Executives who, in less stressful situations, are level headed, can be reduced to making high-risk and irrational decisions akin to those of a gambling addict when their business's survival is on the line.

Acting as the lead business rescue practitioner in a turnaround in 2013, Keith Fairhurst, a director at BDO Innovation, kept a diary of the rescue process and ended up unintentionally charting the emotional course of the main protagonists.

"I didn't set out to observe the people but that's what I saw so I wrote it down. If you go to the literature on bankruptcy and corporate failure, even if it's in legal or financial terms, the underlying element you see in common is the choices management has made.

"There's inevitably a human component - whether it's how people are experiencing it emotionally or the influences and biases that shape the choices that brought them to that point, or how they behaved as the business become increasingly financially distressed," Fairhurst said.

Creditors can feel betrayed and sometimes suspect the management of a failing business of having stolen their money and deceit, Fairhurst said.

"Some of the comments you hear from angry creditors don't look rational on the surface, such as: 'I don't care - it's my money!' [As business rescue practitioners] we have to be very conscious of being a neutral, independent party."

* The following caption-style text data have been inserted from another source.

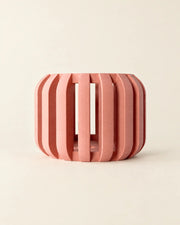 Slotted Block Orchid Planter – front view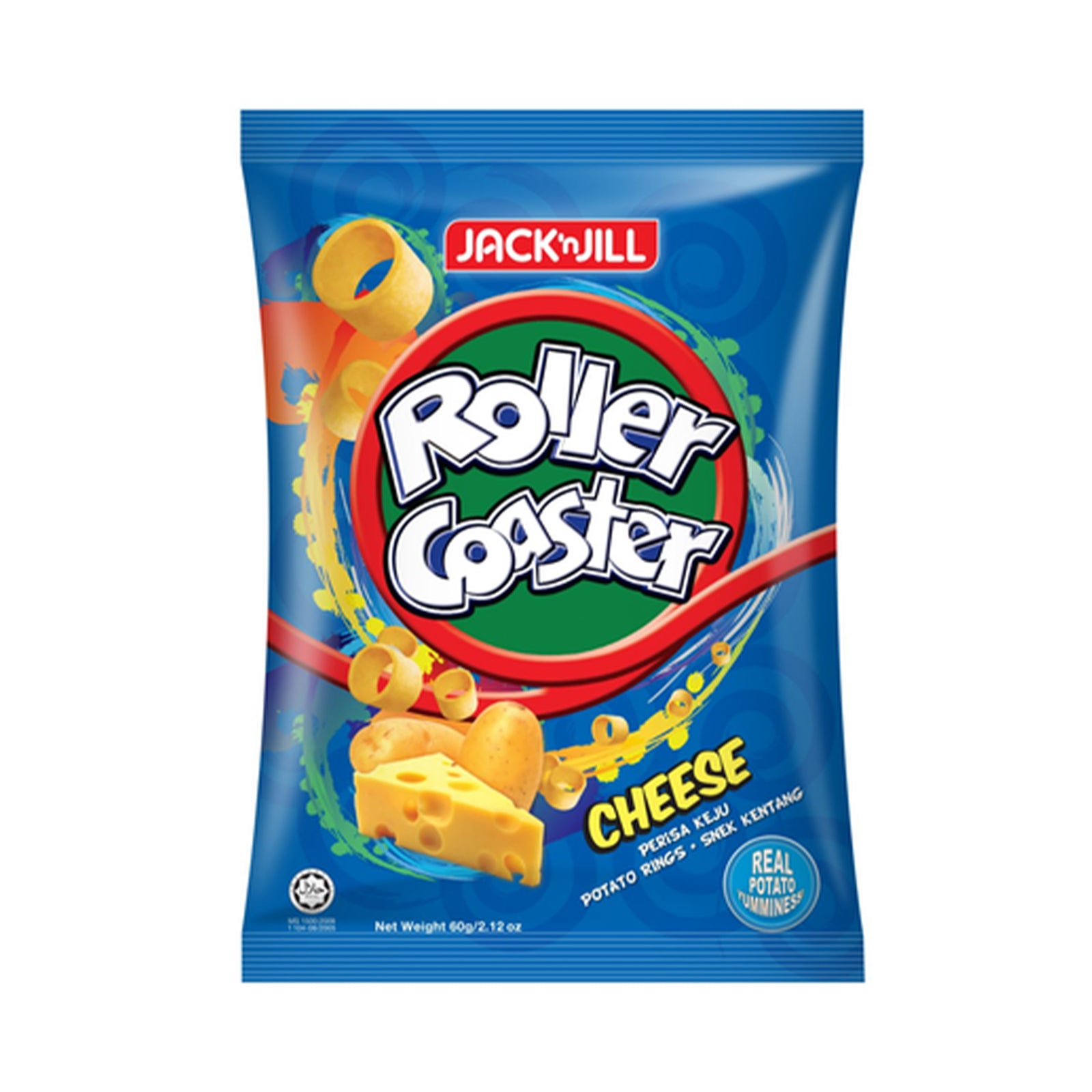 Roller Coaster Cheese Potato Rings 60g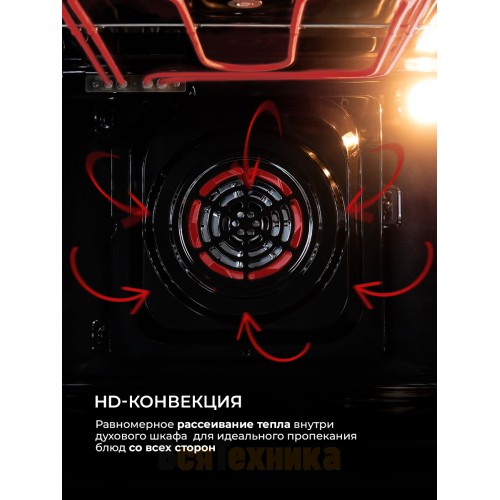 Духовой шкаф встраиваемый LEX EDP 607 GR WIDE SERIES
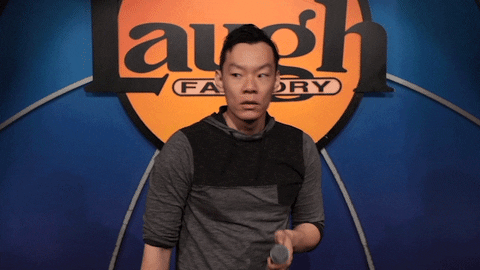 taken aback excuse me GIF by Laugh Factory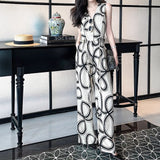 2025 new unique jumpsuit super good-looking high-end exquisite temperament fashion printed sleeveless jumpsuit children's summer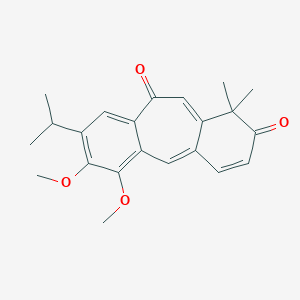 molecular formula C22H24O4 B021798 紫杉碱 B CAS No. 110300-77-1
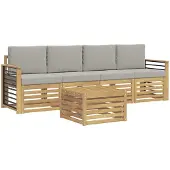 vidaXL Sofa-Sets Massief Acacia Hout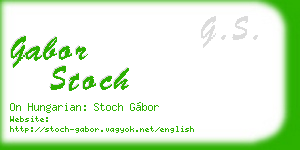 gabor stoch business card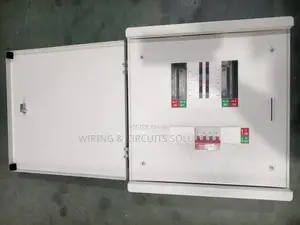 Vert Electrical 4 Way Distribution Board With Breakers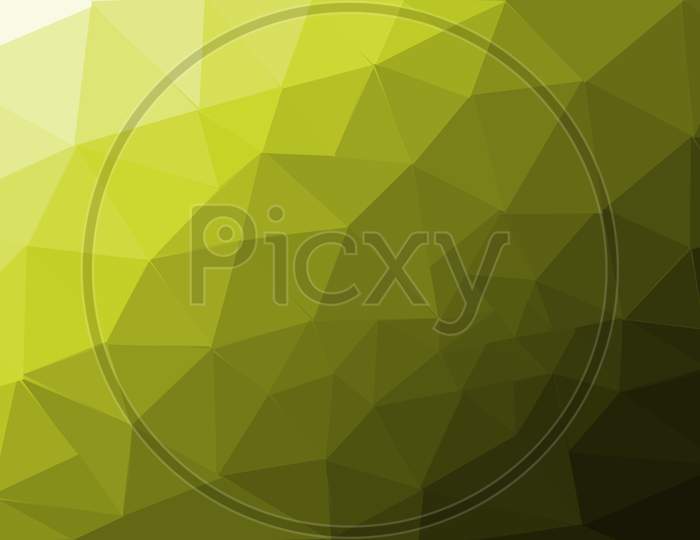 Low Polygons And Triangles Abstract Background Illustration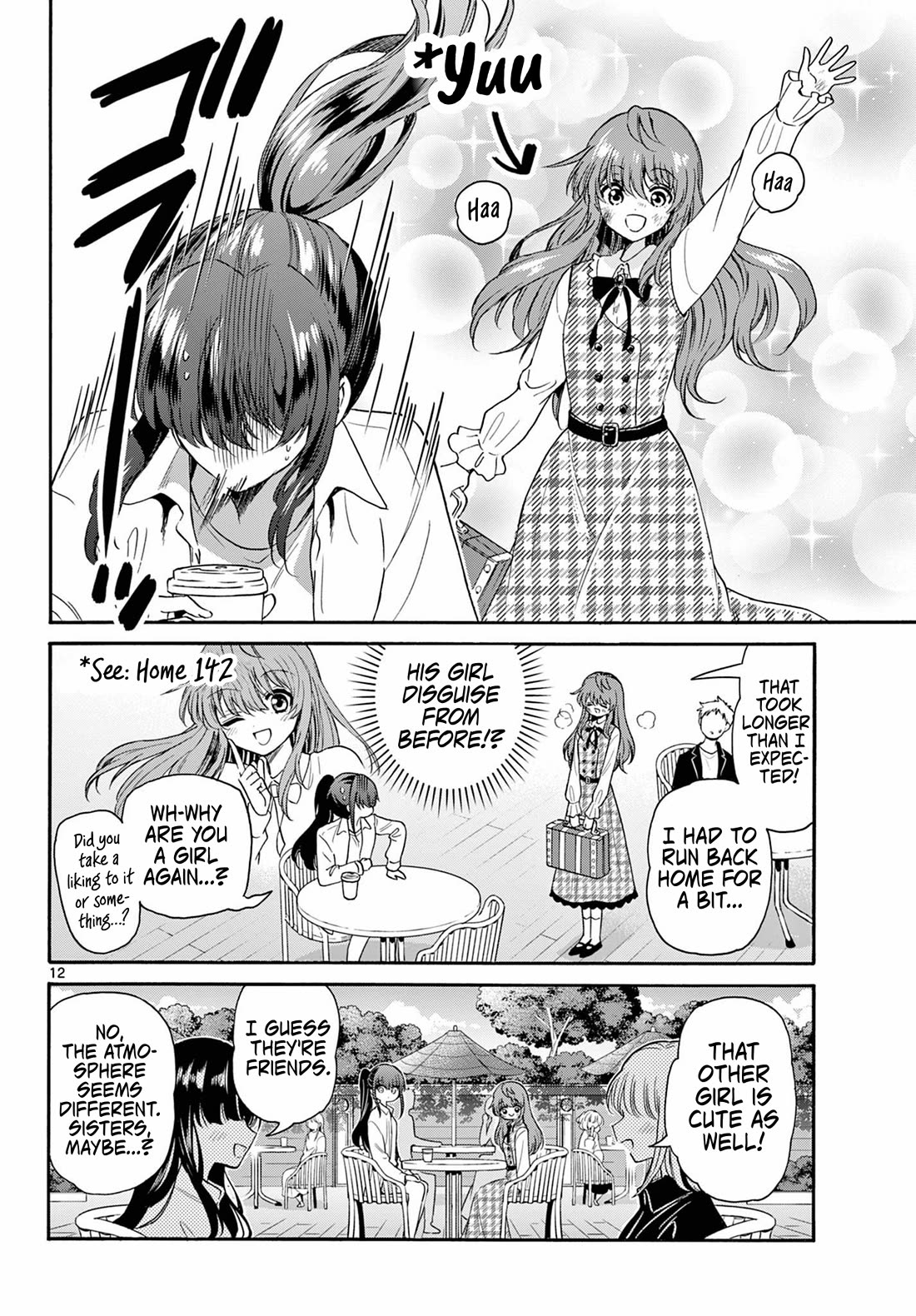 Mikadono Sanshimai wa Angai, Choroi Chapter 148 page 12 - Chapter 148: It's not okay.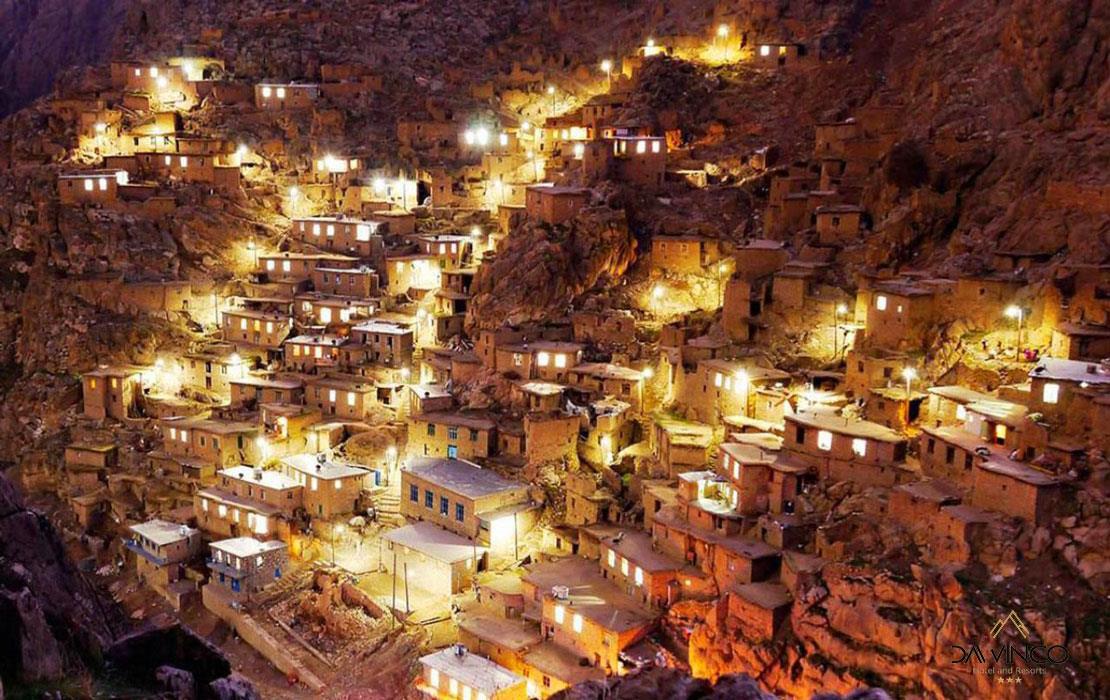 روستای زیبای پالنگان - جاذبه های کردستان - هتل داوینکو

Balancing the interests of all parties caused Fairhurst and his partner at BDO Innovation, Alastair Macduff, to pioneer a joint practitioner system and review progress daily to ensure that they maintained their focus and independence.

"We never take individual appointments. We learnt very early on that for one person to carry the burden of business rescue is incredibly challenging - emotionally, timewise and logistically. We have daily reviews to hold each other up to the standard of independence when a business's survival is on the line.

"It's a system of checks and balances because what we do or say should not be interpreted as favouring one party over another. There is anger, and because the practitioner is in front of someone, he can become the target unfairly."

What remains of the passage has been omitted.